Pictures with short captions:
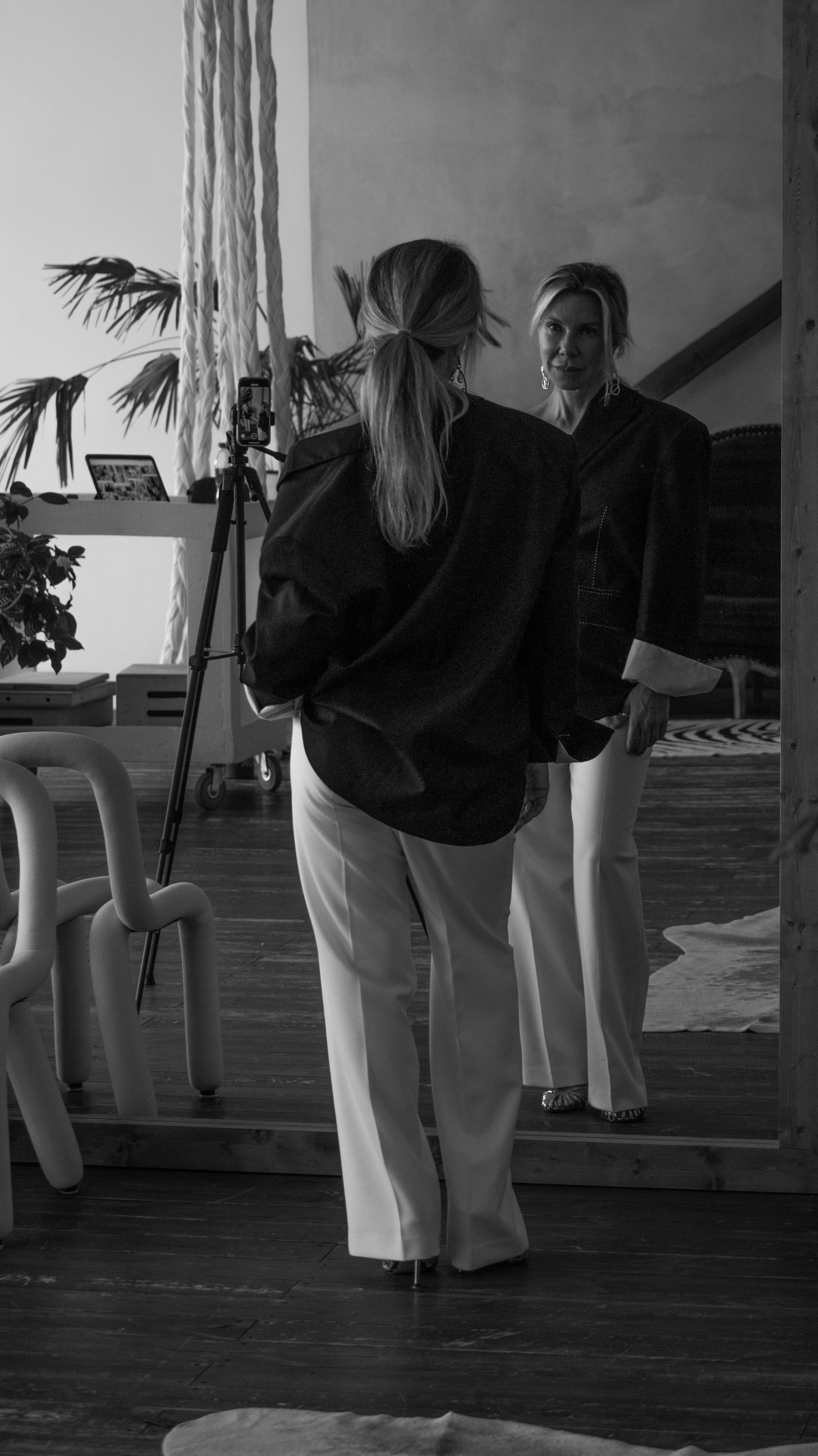 Юлия, для сайта и для себя. Фотограф Вероника Смит I Владивосток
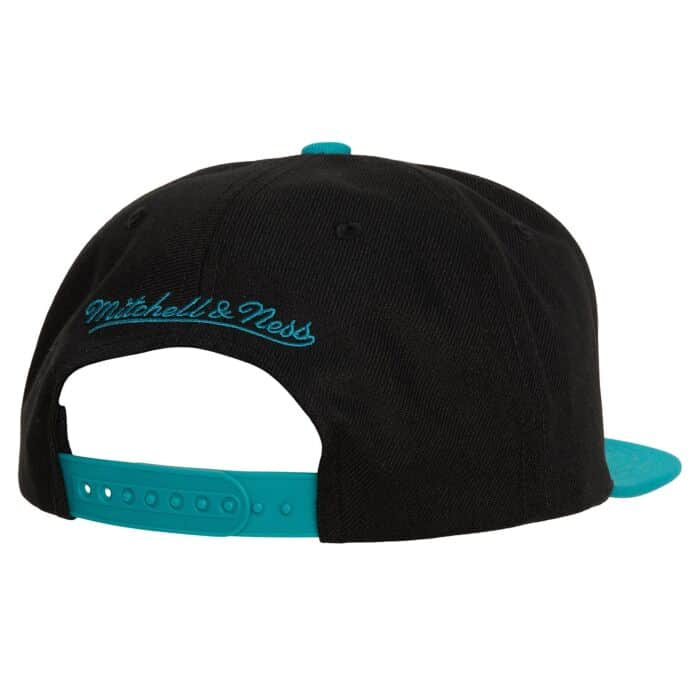 Mitchell & Ness Team 2 Tone 2.0 Snapback San Jose Sharks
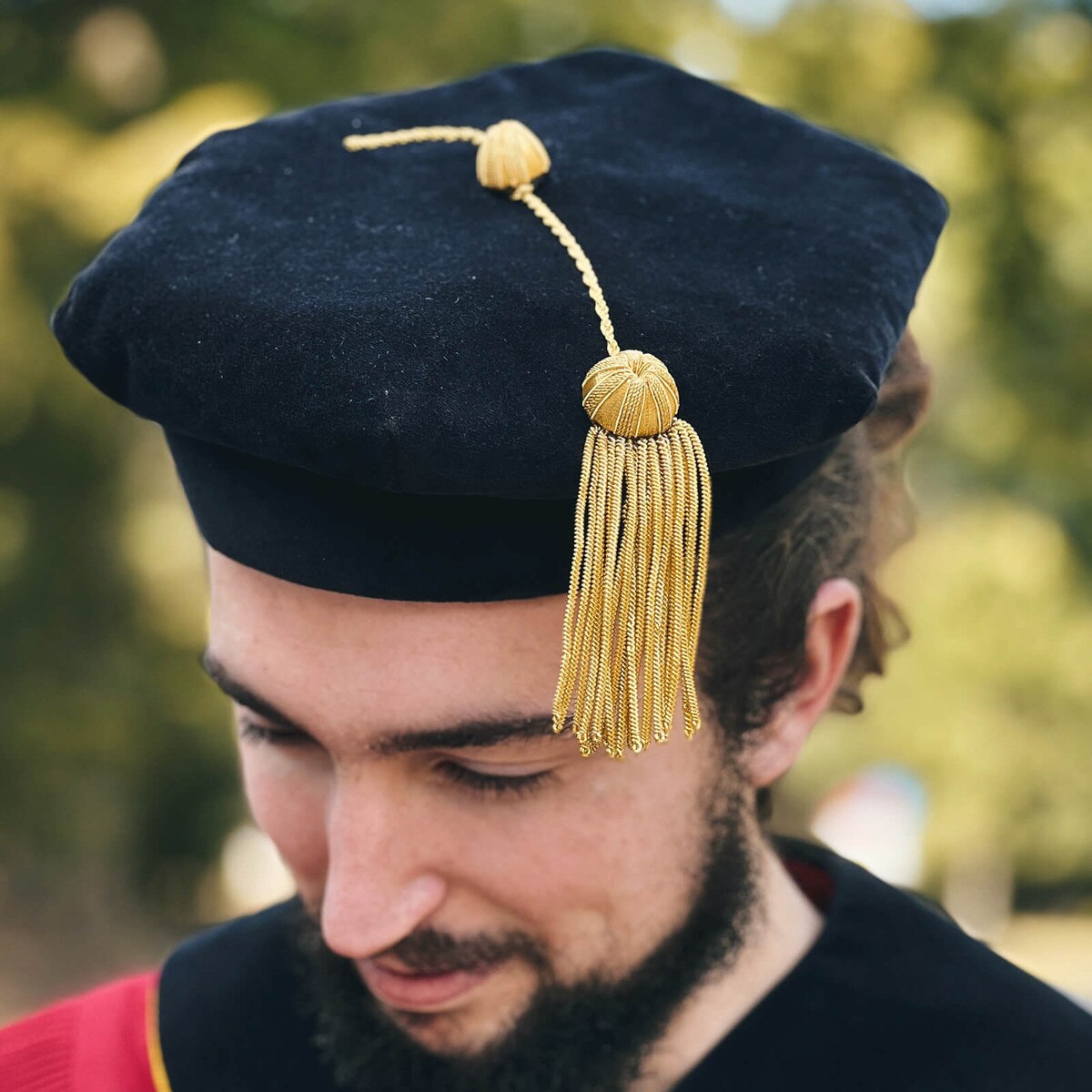Official ISU Doctoral Tam Only (Drop-ship Only)
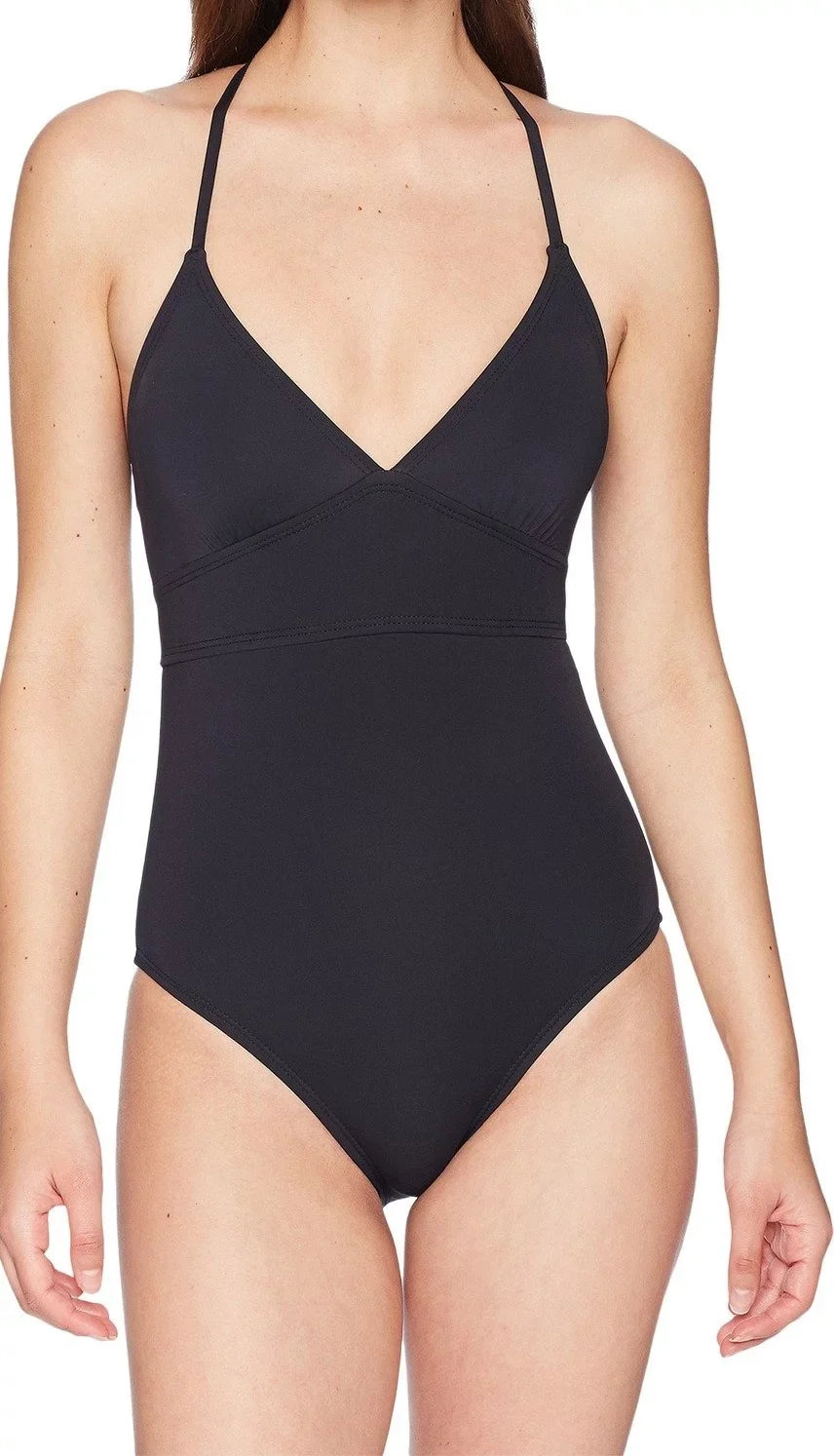 One Women's Small Carve Black, Designs Dahlia Piece,
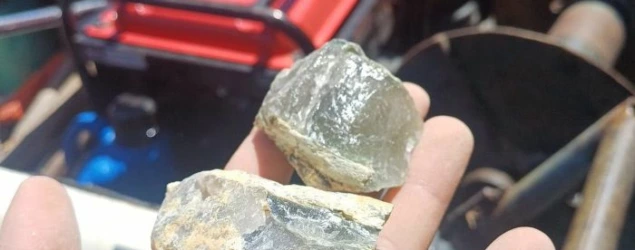 Polícia flagra garimpo clandestino e conduz dois suspeitos no Sul do Piauí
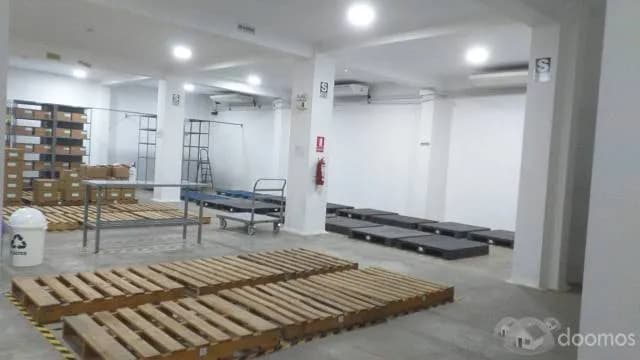 Se Alquila espacio para Almacenamiento de productos farmaceuticos — foto 1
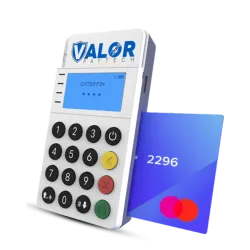 pic of the Valor Rocket Mobile system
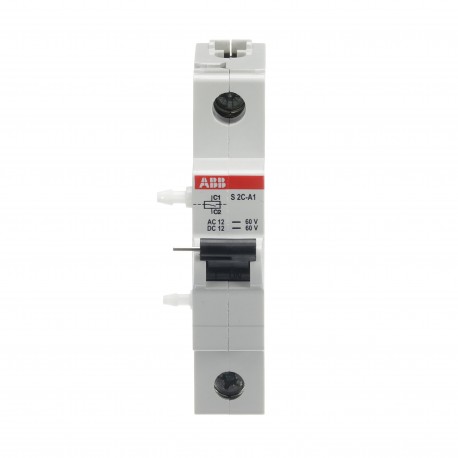 2CDS200909R0001 ABB Bob.em.S2C-A1, 12-60Vac/cc (der)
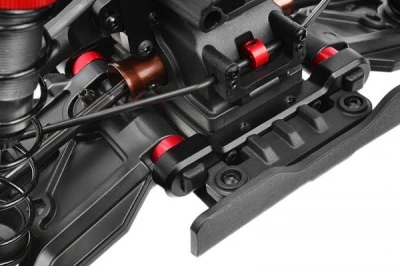 Team Corally ASUGA XLR 6S 4WD RTR modrá buggy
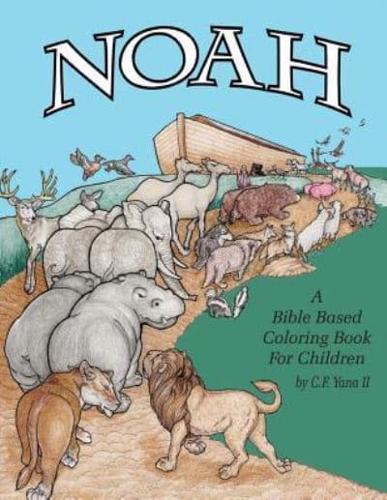 Noah Coloring Book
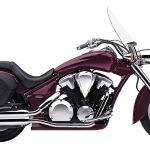 Honda VT1300CS Sabre (2011)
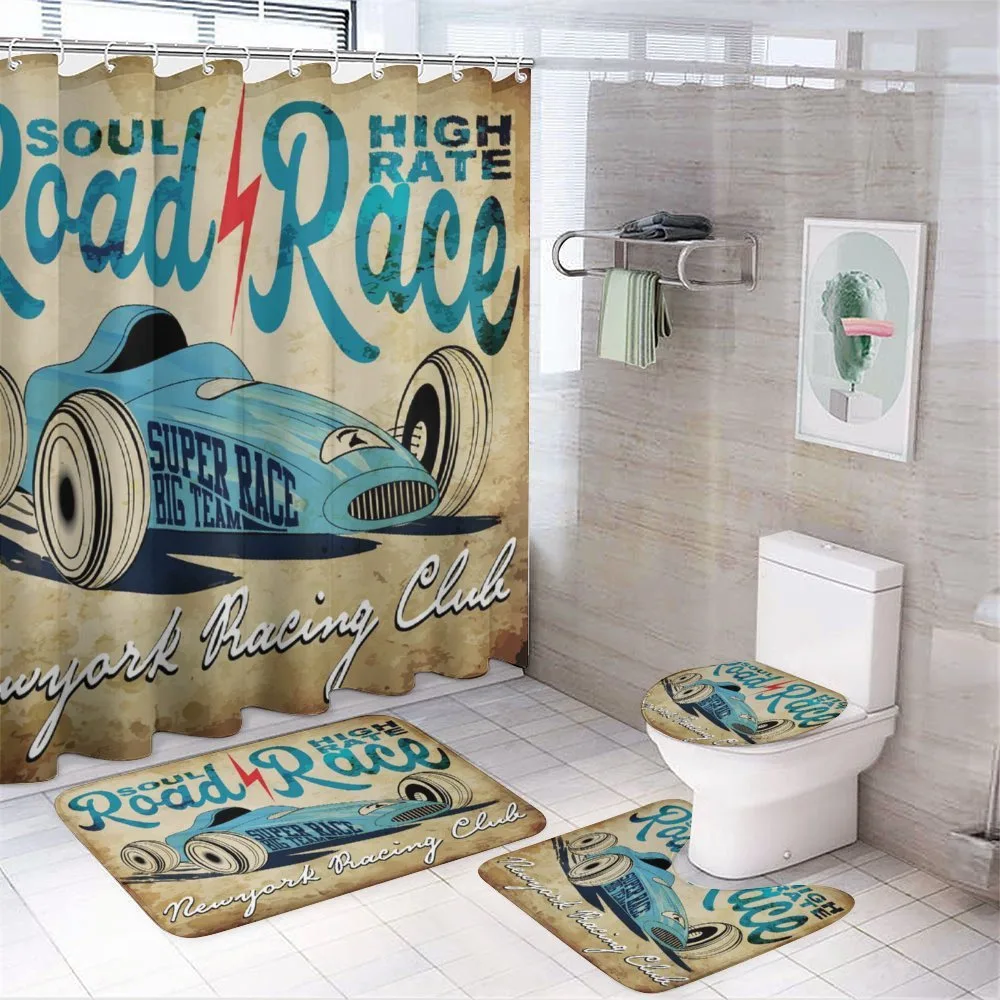 New York Racing Old School — Your design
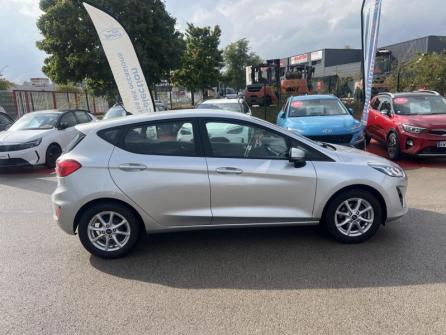 FORD Fiesta 1.0 EcoBoost 100ch Stop&Start Trend 5p à vendre à Dijon - Image n°4
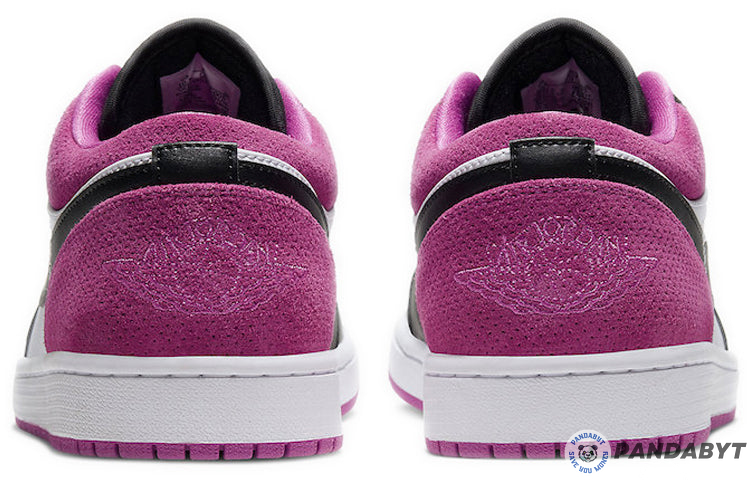 Pandabuy Air Jordan 1 Low Se 'Fuchsia'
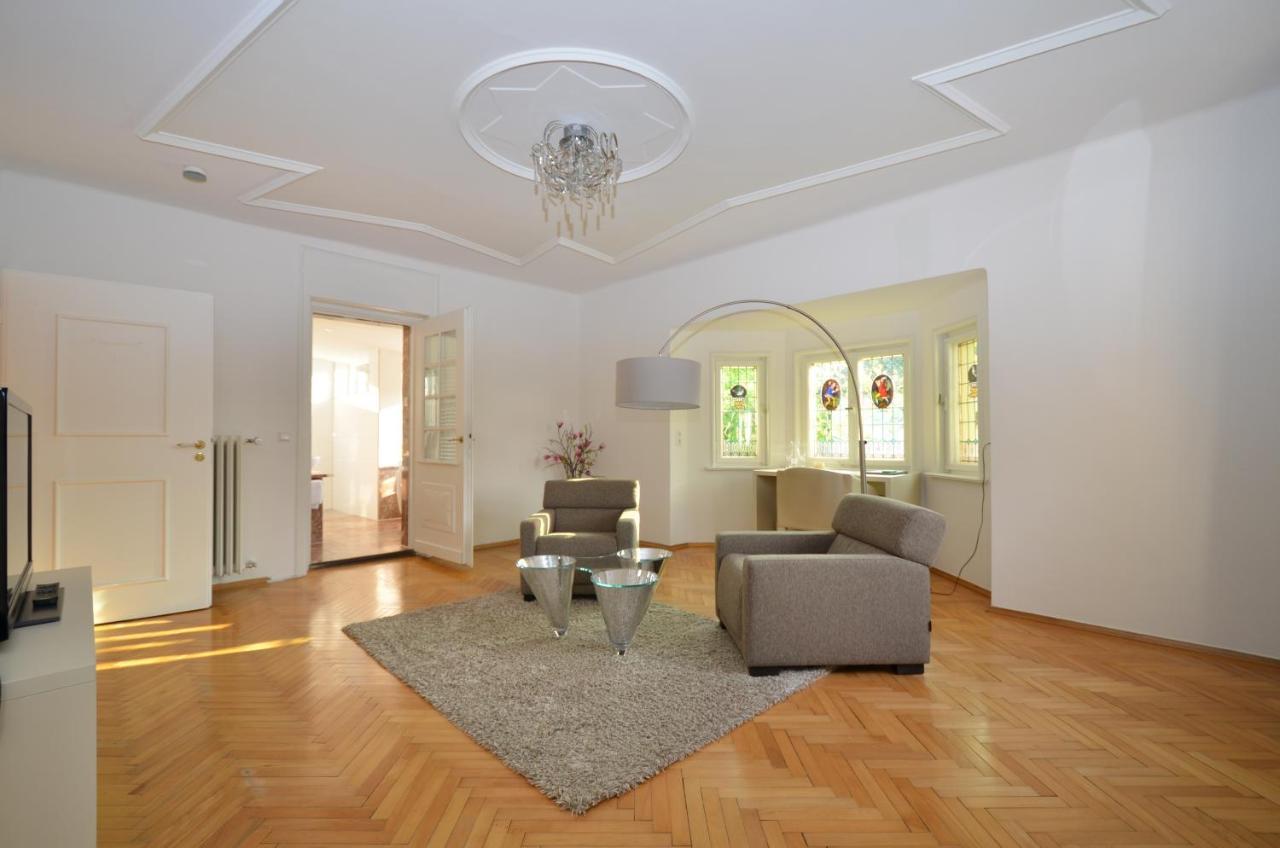 Boutique Hotel Friesinger كريسبرون ام بوندنس المظهر الخارجي الصورة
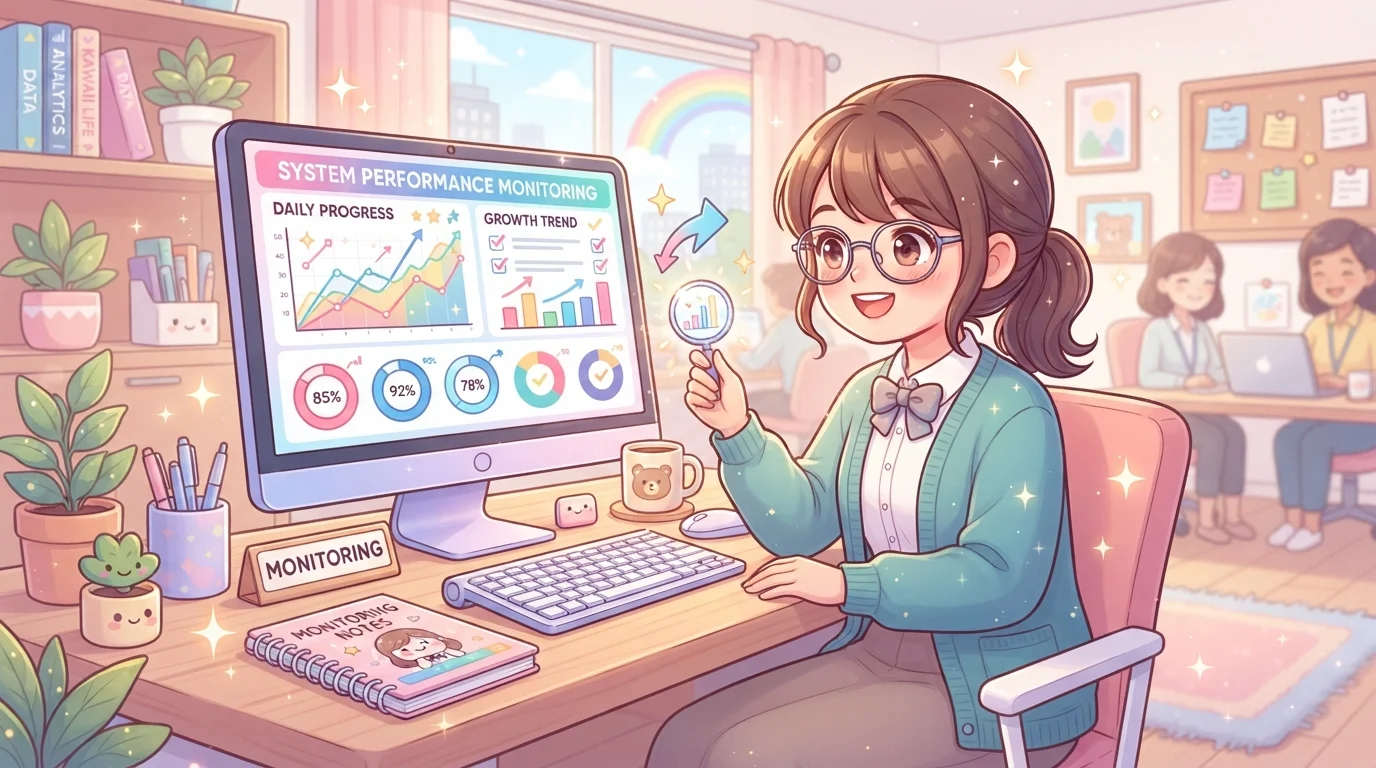 Synonyms for Monitoring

▶ Work task:
Output only the stretch above from the line with "One Women's Small" through the line with "pic of the Valor Rocket Mobile system", reproduced exactly. Exclude pictures.

▶ Written reply:
 One Women's Small Carve Black, Designs Dahlia Piece,
 Polícia flagra garimpo clandestino e conduz dois suspeitos no Sul do Piauí
 Se Alquila espacio para Almacenamiento de productos farmaceuticos — foto 1
 pic of the Valor Rocket Mobile system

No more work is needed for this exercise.